The victory would be another notch in the belt of progressive labor reformers in some of the nation’s most influential unions.
“A Fain victory is the difference between solidarity unionism — rank-and-file unionism — and the company unionism that we’ve been experiencing in the UAW for several decades now,” Scott Houldieson, a leader of Unite All Workers for Democracy, told The Intercept. “Look no further than the last set of negotiations when GM workers were on strike. There was a complete information blackout. The workers on the picket line knew what they wanted out of the contract: no more tiers, no more pensions bleeding dry, and bringing back cost-of-living adjustments. There was none of that messaging coming out of negotiations from past leadership.”
“A Fain victory is the difference between solidarity unionism — rank-and-file unionism — and the company unionism that we’ve been experiencing.”For the first time, members of the UAW voted directly to select their president through a one-member, one-vote system. The switch away from the delegate system followed federal oversight to keep an eye on the scandal-plagued union and momentum from rank-and-file members seeking to democratize the electoral process. In light of the auto union’s failure to clean shop, an independent monitor was appointed by a federal judge to ensure election integrity.
When ballot counting ended over the weekend, the monitor said that no determination could be made on an electoral winner until some 1,600 ballots are reviewed later this week.
That didn’t stop Curry from declaring a preemptive victory.
“The process that UAW members have chosen requires that every member’s vote be counted,” the Curry campaign said in a statement. “We can confirm that there are significant votes outstanding that should be counted, and it would be premature to make outcome assumptions at this time. We are confident that when the process is complete, we will be successful.”
Despite the incumbent campaign’s assurances, the narrow margin with Fain in the lead means an overthrow of the UAW’s old guard remains on the table. Challenged ballots are being reviewed to determine membership eligibility, and there is no indication that once reviewed they will reverse Fain’s lead.
A Fain victory would follow on the heels of another leadership upset in one of America’s most powerful unions, the International Brotherhood of Teamsters. In 2021, a ticket led by Sean O’Brien defeated the incumbent slate led by James Hoffa, who, like his father, led the union for decades. After their victory, the new Teamsters’s leadership assumed an aggressive posture and has since committed to massively expanding on-the-ground organizing to combat consolidation and wage deflation in the transportation and shipping industry.
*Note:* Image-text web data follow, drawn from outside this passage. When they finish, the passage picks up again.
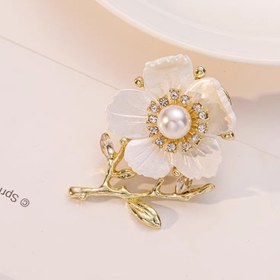 تصویر سنجاق سینه گل صدفی و سفید 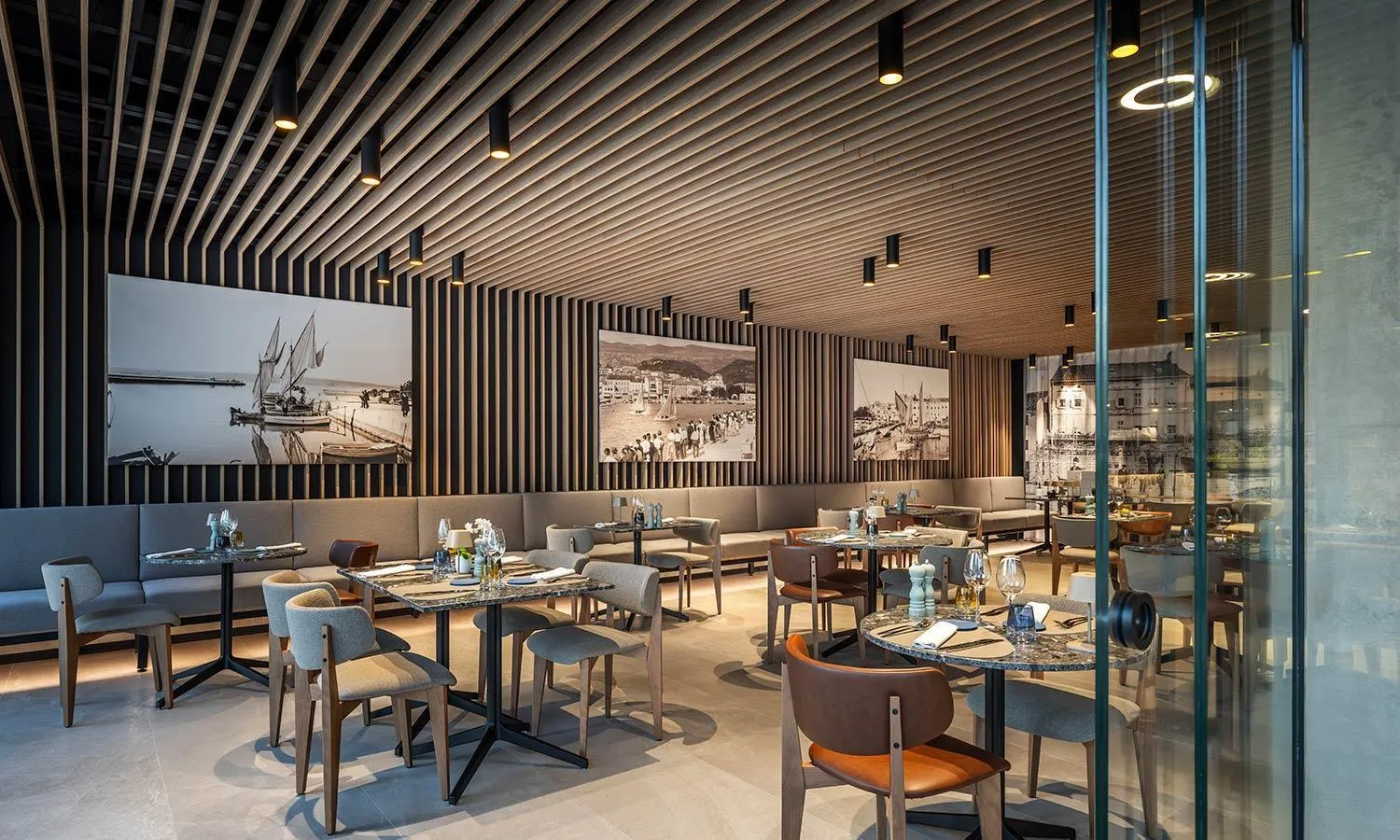 Restaurant/places to eat in Aminess Younique Narrivi Hotel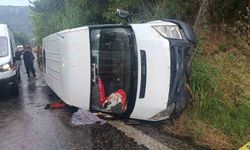 İzmir'de işçi servisi devrildi: 1 ölü, 2'si ağır 10 yaralı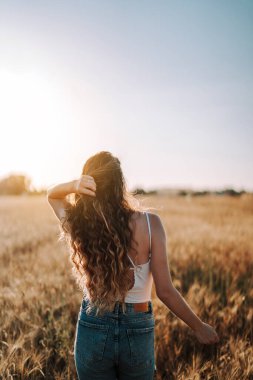 Tarladaki genç bir kadının portresi.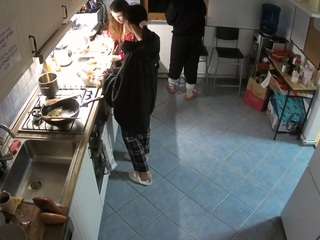 voyeurcam-julmodels-kitchen-2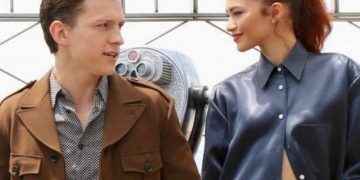 En pleno beso: Así fueron vistos Tom Holland y Zendaya (video)
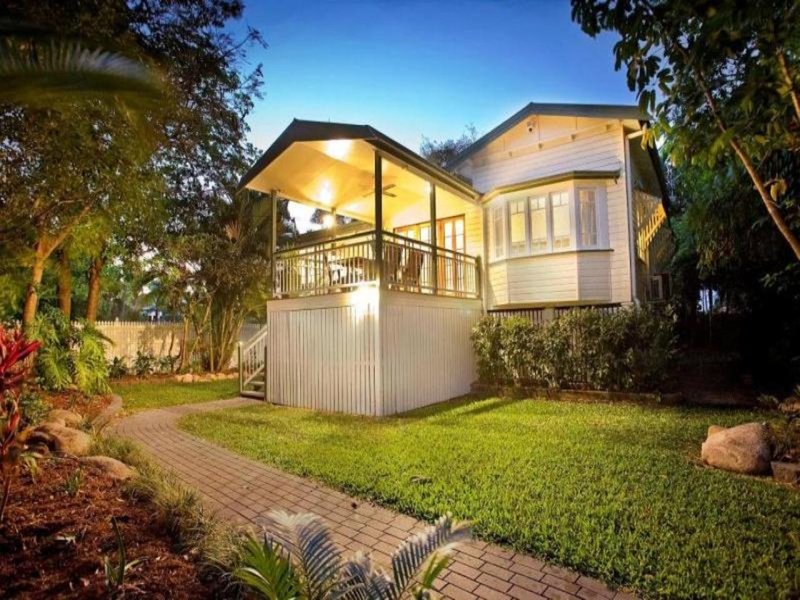 11 Hooper St , Belgian Gardens QLD 4810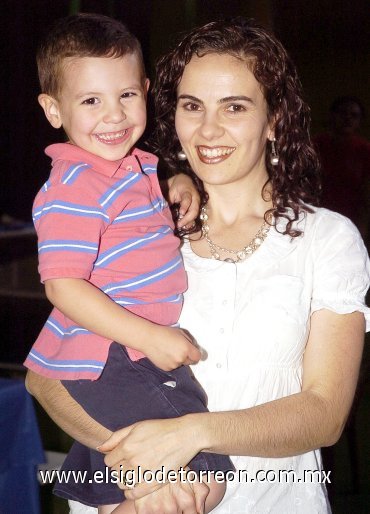 03042007
Any Martínez de Mena y su hijo Iván Mena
The UAW leadership race was the final step in the union’s monthslong election process. The vote came just after Daniel Vicente, another candidate on the Unite All Workers for Democracy slate, won his race to the international executive board last week in a runoff election. If Fain’s lead holds, the Unite All Workers for Democracy faction could garner a powerful majority on the UAW’s governing body.
Turnout to determine the UAW’s next president exceeded the first round of voting in December, which saw insurgent reformist candidates take six seats on the international executive board. After neither candidate for union president reached the 50 percent vote threshold needed to clinch victory, voting went to a second round, which concluded last week.
Ahead of the election, critics of incumbent Curry claimed that he represents the UAW’s scandal-ridden past and that the opposition of his Administration Caucus to democratic reforms like one-member, one-vote suggests that the old guard faction isn’t amenable to change.
“To me, we’re at a crossroads,” Fain said in a November interview with Bloomberg Law. “We have to get leaders in there who are going to take action and be proactive and not wait for things to happen then react to it. To me, our leadership has been way too complacent — more reactive than proactive.”
Fain hammered UAW’s incumbent leadership for failing to take an aggressive negotiating posture toward large auto manufacturers and blasted the tiered employment system, which splits auto workers into different classes of employees, weakening union benefits in the process.
He’s also attacked the UAW’s failure to take an aggressive stance on auto manufacturers’ planned expansion into nonunionized plants in the South for building electric vehicles.
“For too long, the UAW has been controlled by leadership with a top-down, company union philosophy,” Fain said in a press release. “Ray Curry and the Administration Caucus have been unwilling to confront the companies, and as a result we’ve seen nothing but concessions, corruption, and plant closures. We now have a historic opportunity to get back to setting the standard across all sectors, and to transform the UAW into a member-led, fighting union once again. The future of the working class is at stake.”